Le saint-siège n’avait pas plus de satisfaction du côté de la religion. Elle criait sur les toits son aversion pour les entretiens pieux et les livres de dévotion. Le premier qui lui avait parlé de macérations avait été reçu de façon à n’oser jamais y revenir. Elle allait peu aux offices, et y passait le temps à rire aux éclats avec ses cardinaux, en la présence même du pape. C’était intolérable. A l’issue d’une scène de ce genre, le pape lui remit un chapelet, en manière de doux reproche, et l’exhorta à s’en servir dans ses prières. Le dos à peine tourné, elle s’écria : « — Je ne veux pas être une cafarde ! » Le saint-père se rabattit à solliciter de légères démonstrations de piété, pour la foule. On alla dire de sa part à Christine : « — Un Ave Maria en public est plus méritoire qu’un chapelet dans le particulier. » Il ne la réduisit que lorsqu’elle n’eut plus le sol.

Les finances de Christine était encore un autre souci pour la cour de Rome. La Suède, outrée de l’abjuration, engagée d’ailleurs dans des guerres ou des difficultés intérieures, payait mal, et Christine dépensait sans compter, sous prétexte « qu’il y a une manière de profusion qui est économie. » Elle avait un train royal. Elle rétablissait ses collections, fort entamées au départ de Suède par ses savans étrangers. La bibliothèque avait été honteusement pillée ; sur plus de 8,000 manuscrits, il n’en arriva que le quart à Rome.
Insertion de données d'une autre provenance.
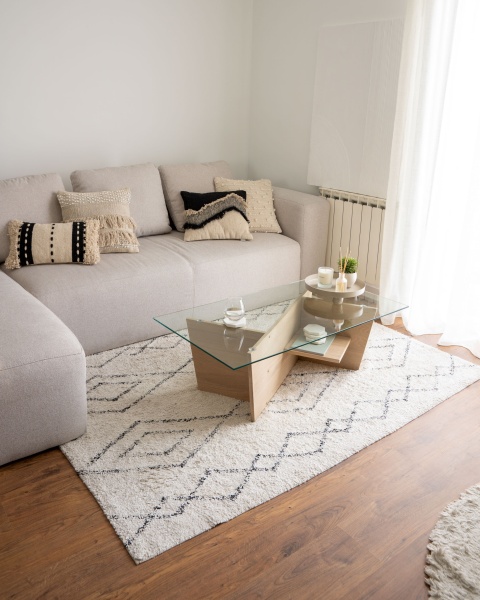 Журнальный столик Balwind 110 x 60 дуб от интернет-магазина IDODOM.RU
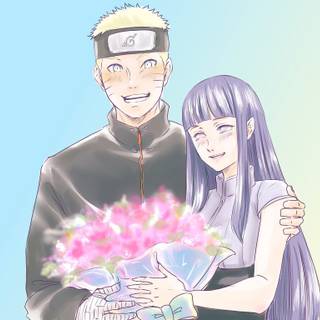 Naruto Hinata wedding wallpaper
Nous possédons une lettre où Vossius mande à Heinsius, avec une désinvolture admirable, qu’il est en train de s’approprier « non paucos libellos rariores » de la bibliothèque de la serenissimœ reginœ. Il fallait de grosses sommes pour réparer ces pertes. Il en fallait d’infinies pour fournir à un désordre dont rien ne peut donner l’idée. Six mois après son entrée à Rome, Christine était harcelée par ses créanciers. Elle s’adressa au pape, qui paya et crut l’heure venue de la mater. Il lui offrit 2,000 écus par mois, à condition d’être sage. C’était trop tôt. Christine s’emporta, tempêta, envoya le reste de ses pierreries chez un prêteur sur gages, qui en donna 10,000 ducats, et s’embarqua pour Marseille. Elle se savait attendue avec impatience en France. Chacun était curieux de voir cette personne singulière, surnommée jadis la Sibylle du Septentrion et la Dixième Muse, et qu’on appelait à présent, tout uniment, la « reine ambulante. » Le voyage de France fut le dernier grand succès de Christine.